Judgement, Decisions & Reasoning - Chapter 13 Flashcards
Judgement
Making a decision or drawing a conclusion.
Reasoning
The process of drawing conclusions.
Decision
The process of choosing between alternatives.
Inductive Reasoning
Starts specific to make broad generalizations.
Using what has happened to predict what will happen.
Representativeness of Observations
How well do observations about a category represent all members of category?
Heuristics
Shortcuts; likely to provide the correct answer to a problem but are not foolproof.
Availability Heuristic
Events that more easily come to mind are judged as being more probable than events that are less easily recalled.
Illusory Correlations
When a relationship between two events appears to exist, but in reality, there is no relationship or relationship is much weaker than it is assumed to be.
Stereotypes
Oversimplified generalization about a group or class of people that often focus on the negative.

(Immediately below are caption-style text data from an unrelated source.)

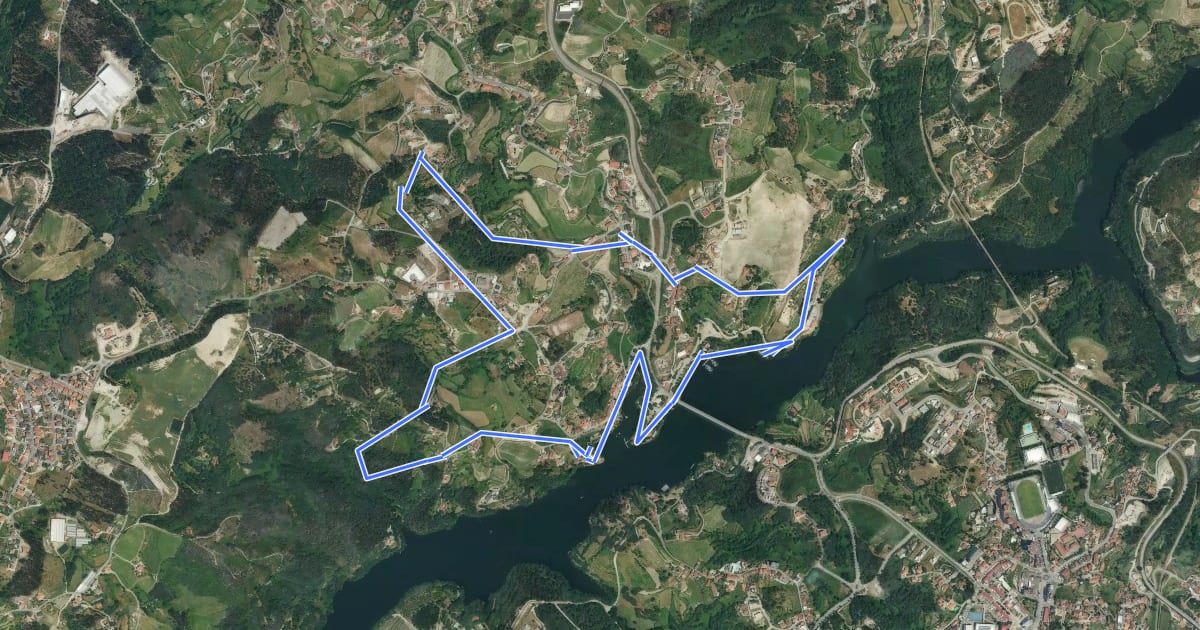 Маршрут PR5 Caminhos de Canaveses на спутниковом снимке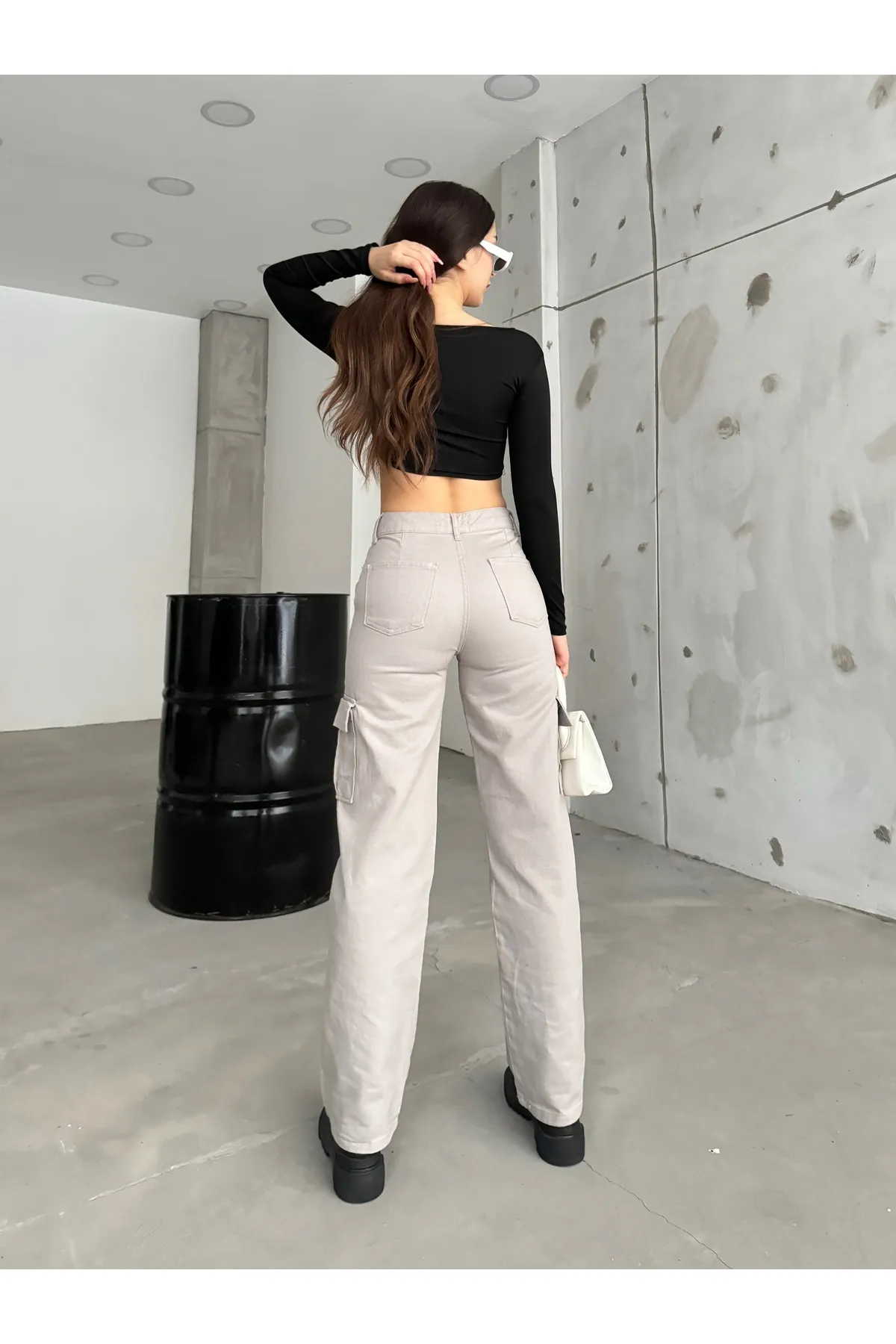 BİKELİFE  Graue Damen-Cargohose mit hoher Taille und weitem Bein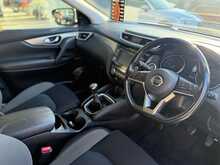 Nissan Qashqai 1.3 DIG-T N-Connecta SUV 5dr Petrol Manual Euro 6 (s/s) (140 ps) 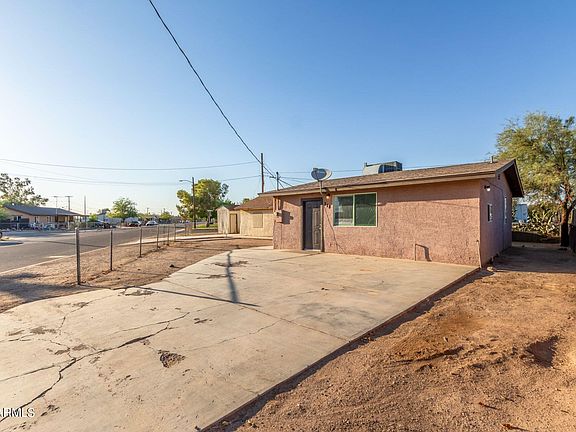 3rd image of 318 W PHOENIX Avenue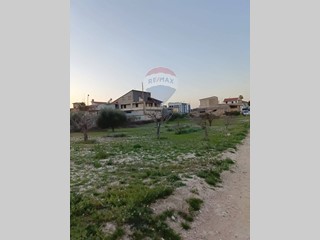 Terreno edificabile in Vendita a Mazzarrone, 65'000€, 13700 m²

Representativeness Heuristic
Likelihood that an instance is a member of a larger category depends on how well that instance resembles properties we typically associate with that category.
Conjunction Rule
The probability of a conjunction of two events cannot be higher than the probablity of the single constituents.
Law of Large Numbers
The larger the number of individuals that are randomly drawn from a population, the more representative the resulting group will be of the entire population.
Myside Bias
How people can evaluate evidence in a way that is biased toward their own opinions and attitudes.
Confirmation Bias
Occurs when people look for information that conforms to their hypothesis and ignore information that refutes it.
Backfire Effect
The finding that an individual’s support for a particular viewpoint could actually become stronger when faced with corrective facts opposing their viewpoint.
Deductive Reasoning
Determine whether a conclusion logically follows from statements; Use broad principles to make logical predictions about specific cases.
Syllogism
Deductive Reasoning; 2 broad statements followed by a third statement called conclusion.
a = b, b = c, a = c.
Premises
Two broad statements in syllogism.
Categorical Syllogisms
Premises and conclusion are statements that begin with All, No, or Some.
Validity
Syllogism is valid when the form of the syllogism indicates that its conclusion follows logically from its two premisis.
Belief Bias
The tendency to think a syllogism is valid if its conclusion is believale.
Mental Mode Approach
In deductive reasoning, determining if syllogisms are valid by creating mental models of situations based on the premises of the syllogism.
Mental Model
A specific situation represented in a person’s mind that can be used to help determine the validity of syllogisms in deductive reasoning.
Conditional Syllogisms
Have two premises and a conclusion, but first premise has the form “If…then.” Common in everyday life.
Wason Four-Card Problem
Conditional reasoning task; 4 cards; used to study mechanisms that determine outcomes of conditional reasoning tasks.
Falsification Principle
To test a rule, it is necessary to look for situations that would falsify the rule.
Permission Schema
If a person satisfies a specific condition, then they get to carry out an action.
Expected Utility Theory
Assumption that people are basically rational; if people have rational information, will make a decisuion that results in maximum expected utility.
Utility
Outcomes that achieve a person’s goals.
Expected Decisions
Emotions that people predict they will feel for a particular outcome.
Risk Aversion
The tendency to avoid taking risks; increases with tendency to predict a particular loss will have a greater impact than a win of the same size.
Incidental Emotions
Emotions that are not caused by having to make a decision. Related to a person’s general disposition, something that happened in day, general environment.
Opt-In Procedure
Active step to choose a course of action.
Opt-Out Procedure
Must take an active step to avoid a course of action.
Status Quo Basis
The tendency to do nothing when faced with making a decision.
Risk Aversion Strategy
Decision-making strategy that is governed by the idea of avoiding risk. Often when problem stated in terms of gains.
Risk-Taking Strategy
Decision-making strategy that is governed by the idea of taking risks; often when stated in terms of losses.
Framing Effect
Decisions are influenced by how the choices are stated or framed; gains = risk aversion; loss = risk-taking strategy.
Neuroeconomics
Research from fields of psychology, neuroscience, and economics to study how brain activation is related to decisions that involve potential gains or losses.
Ultimatum Game
2 players, one is proposer one is responder; proposer gets sum of $ with an offer for splitting, if accepted they split, if rejected no one gets $.
Dual Systems Approach
The idea that there are two mental systems; a fast, automatic, intuitive system, and a slower, more deliberate, thoughtful system (2).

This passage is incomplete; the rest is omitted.